- _Data segment_
********************

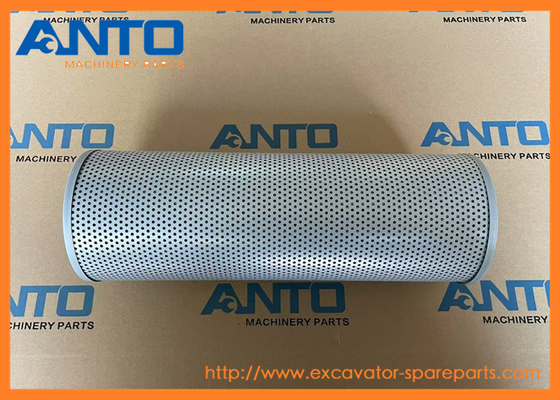 VOE14688861 14688861 Filter Excavator Hydraulic Parts Fitting For EC120D EC140C EC160E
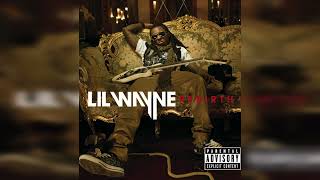 Lil Wayne - The Price Is Wrong (Instrumental)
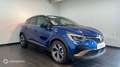 Renault Captur 1.6 E-Tech hybride 145ch RS Line -21B - thumbnail 4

********************

- _Aim of the task_
Please, leaving out all pictures, transcribe exactly the lines above from the one containing "Lil Wayne - The" through the final line, both included.

- _Answer to this task_
 Lil Wayne - The Price Is Wrong (Instrumental)
 Renault Captur 1.6 E-Tech hybride 145ch RS Line -21B - thumbnail 4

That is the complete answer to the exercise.